When was the last time a complete stranger walked up to you, punched you in the face for absolutely no reason, and then told you to apologize?
Odds are, this has never happened to you; am I right? On the incredibly small, basically zero-probability chance the above did occur you would be fully justified in telling the person that there is no way you are going to apologize since you truly did nothing wrong at all to the other person.
Now let’s exit the absurd and reenter reality.
In a real relationship, where two people interact with one another on a regular basis there are going to be times when those two people hurt each other (hopefully just emotionally), no matter how much they love one another. During those times of injury, unless one party is like the jerk in the previous absurd example, in some way both people contributed to the perceived wrong.
You are probably thinking of examples right now where you truly believe you weren’t in the wrong at all – your spouse simply didn’t understand, took it all wrong, blamed you for something you didn’t do, etc. But here’s the thing; a perceived hurt still hurts and the person feeling wounded – even if it is totally illogical – still feels wounded. That means that in some way you may have contributed to the bruised feelings (even if only 1%).
As a loving person, what do we do when we realize we have hurt someone we love – whether unintentionally or without knowing we even did it?
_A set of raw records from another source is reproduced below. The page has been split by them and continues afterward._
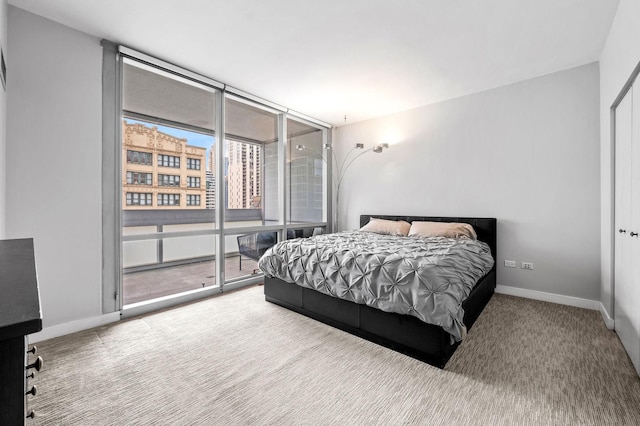 bedroom featuring access to exterior, expansive windows, baseboards, and carpet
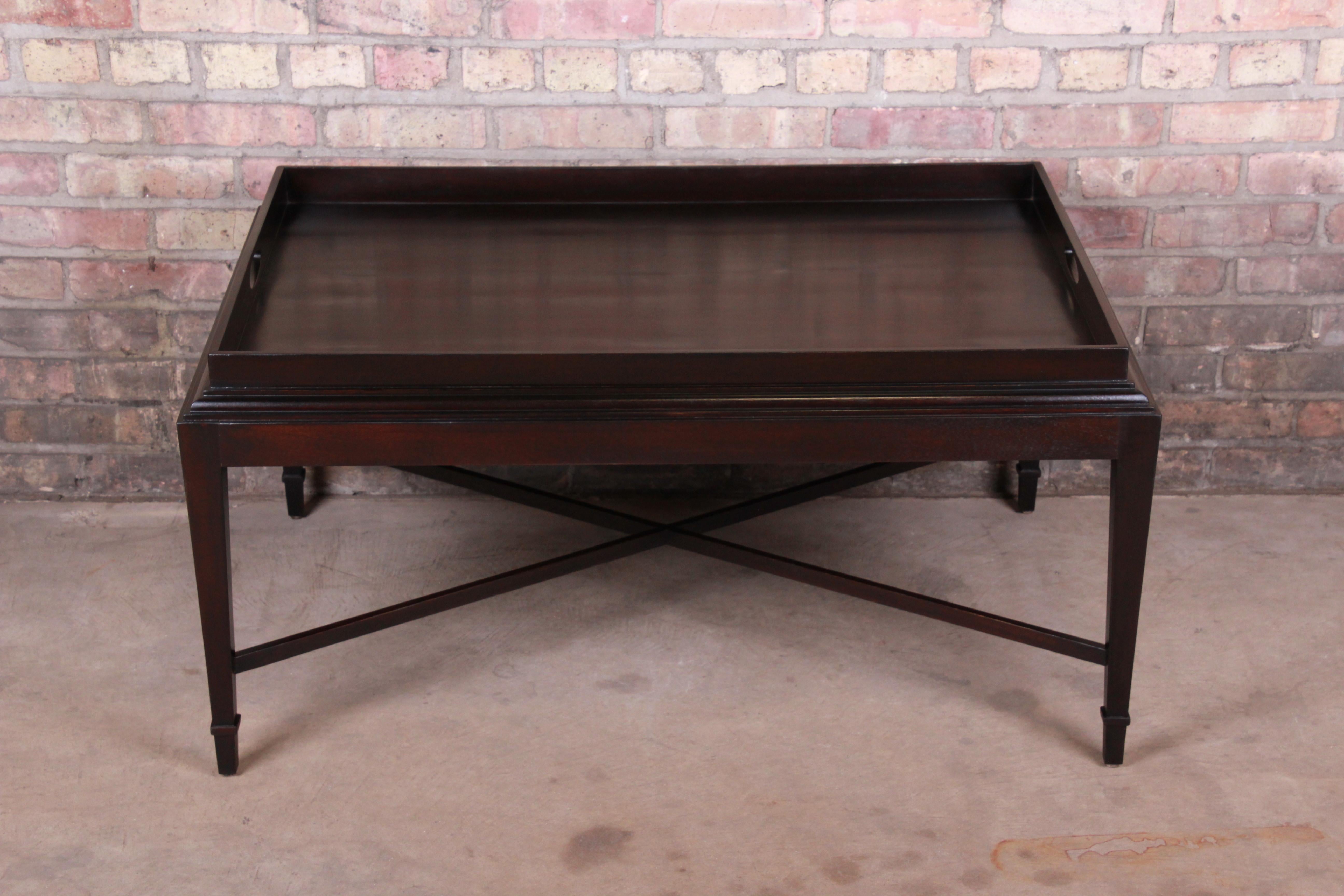 A stylish modern coffee or cocktail table

By Barbara Barry for Baker Furniture

USA, circa 1990s

Dark mahogany, with X-base stretchers.

Measures: 39.13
We stop ourselves from the gut instinct of “fighting for our rights” and “proving our point” and “trying to win the argument.” We stop because we know that even if we “win” we lose because we will have only succeeded in demonstrating how unloving we truly are towards an already hurting person.
Instead, we ask questions to clarify the hurt that we are being told that we contributed towards and then offer a sincere “I am sorry for (enter specific).” In doing this simple (yet often difficult) step we can put salve on the wound and draw close to the one we love.
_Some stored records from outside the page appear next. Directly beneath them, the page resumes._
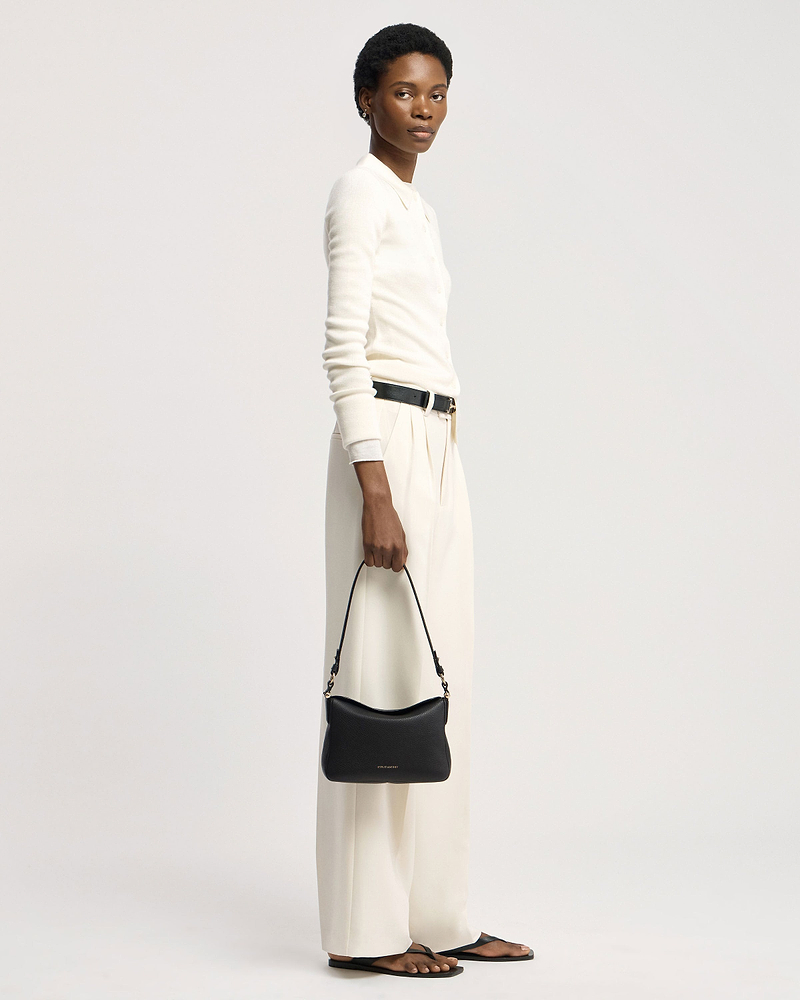 Model holding black Strathberry Sway shoulder bag at her side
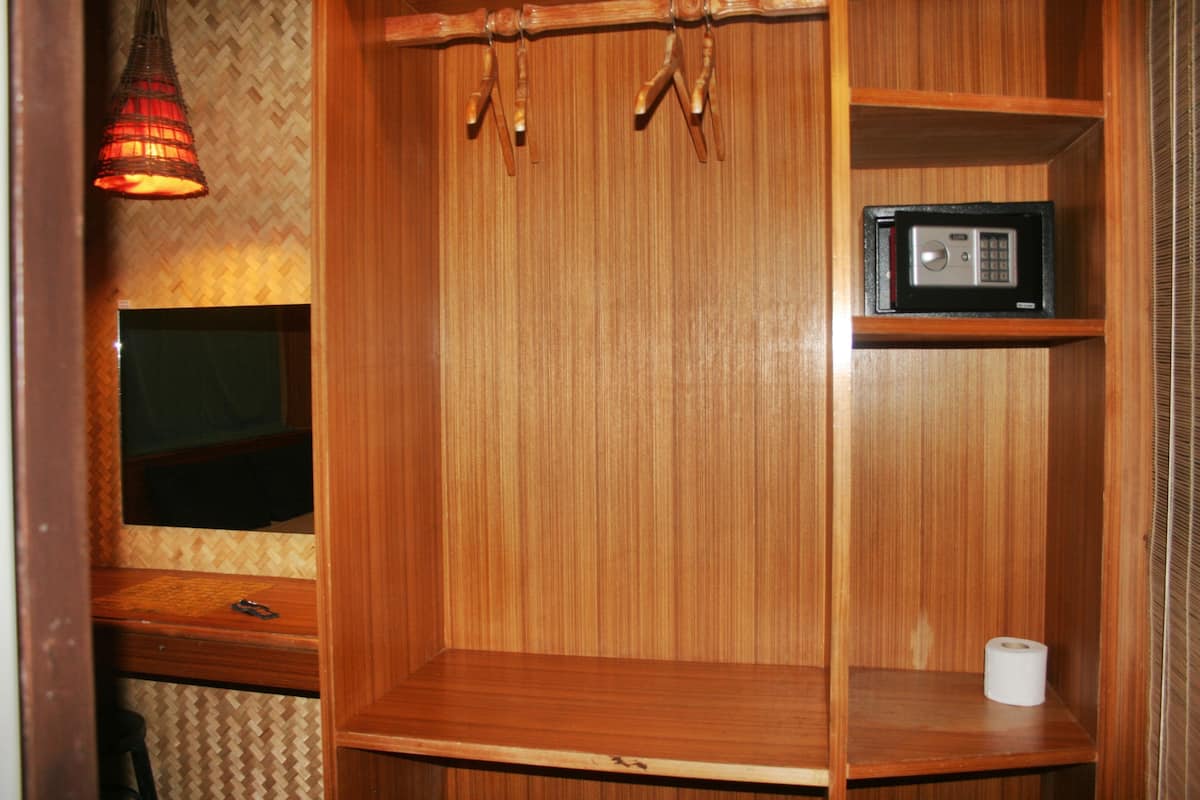 A wooden cabinet with a television, a microwave, and a roll of toilet paper.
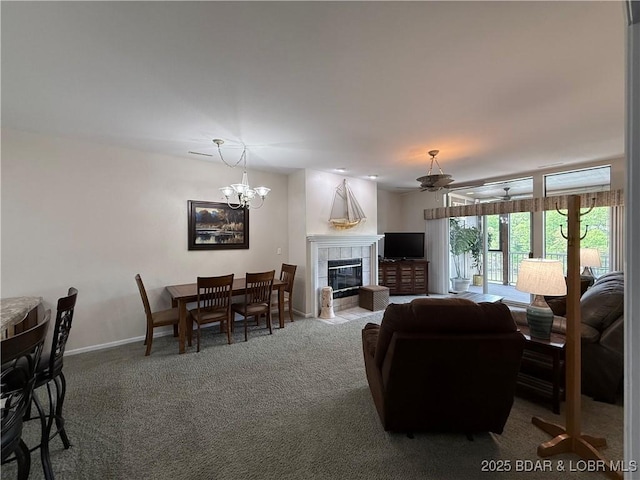 611 Lazy Days Rd Unit R-5, Osage Beach, MO 65065 - living room with baseboards, ceiling fan with notable chandelier, carpet, and a tile fireplace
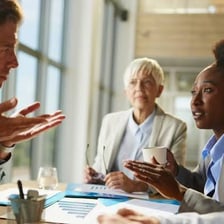 A person visibly expressing enthusiastic agreement during a conversation.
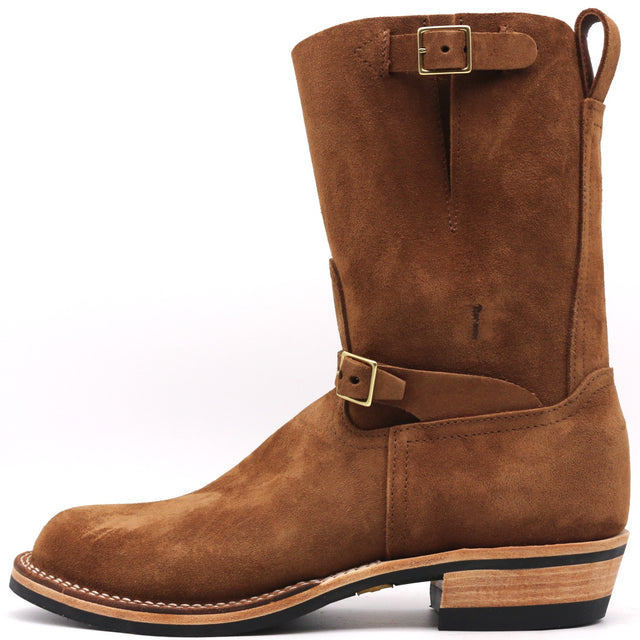 A brown suede mid-calf western boot with gold-tone buckle straps, a pull tab, and a stacked wood-look heel, shown from a side profile on a white background.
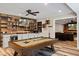 This game room includes a pool table, a bar, shelving, and seating at 6690 Stillmeadow Dr, Cumming, GA 30040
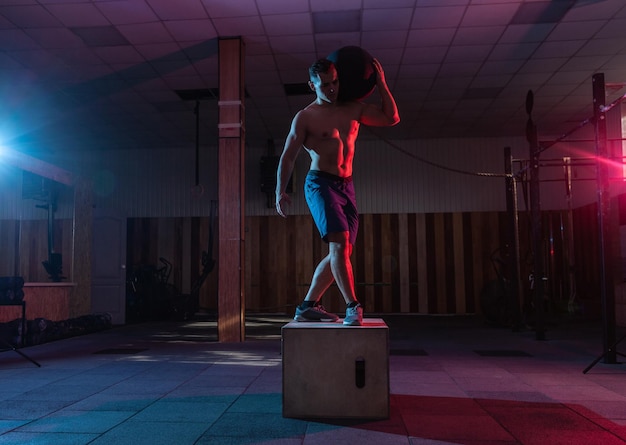 Muscular man training wooden box pacing with a heavy bag in dark gym Athlete workout in red blue neon light Healthy lifestyle cross training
Sometimes the apology is all our loved one really needs to hear. Other times we may need to apologize and then ask what we could do differently in the future. Still other times we may need to apologize, ask what we could do differently in the future, and then ask permission to clarify our perspective (but not to “win” or prove our perspective is right).
When we build the habit of quickly and sincerely saying “I am sorry” hurts that can so often cause a couple to pull apart can become opportunities for couples to draw closer together and be knit together in stronger bond of love.